How do you know that the person you pass on the street now does not have a gun?

I do not have a gun and would never own one, that is my choice. However, the one thing that some gun control people do not understand is that gun laws just hurt the law abiding citizens, since they will probably follow the law. A criminal will never follow the law anyway. I will grant you that gun laws might restrict some people from getting a gun. But if someone wants to commit a crime, they will get a gun no matter what the law is. I am for reasonable gun laws, for example, back ground checks, mandatory shooting/safely classes, etc.

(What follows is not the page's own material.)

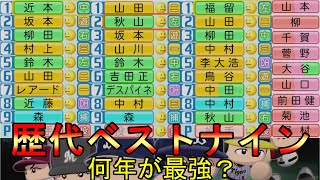 歴代ベストナインでチームを組んだら何年が最強？【パワプロ2022】【2015年～2021年】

But I have no problem with someone packin heat on campus

Anonymous said...

Emily,
You compare the training of police officers to the training proposed for concealed carry license holders. I believe that this comparison should not be made.
CCW license holders need to only train one specific scenario, which is immediate danger to themselves. CCW encounters occur at very short distances when it is clear that the permit holders life is in danger.
Police, on the other hand, have to train for many, many different scenarios where they must insert themselves into dangerous situations. The training is completely different.
I support concealed carry on campus because I think that people have a right to defend themselves whether that is on campus or elsewhere. As a state we can make hurtles for these people, like background checks, fingerprints, training, but we should never completely deny their rights.

Cam said...

I worry that we are focusing too much on the symptoms rather than the disease, I think our focus should be on creating a community where people don't want to shoot other people.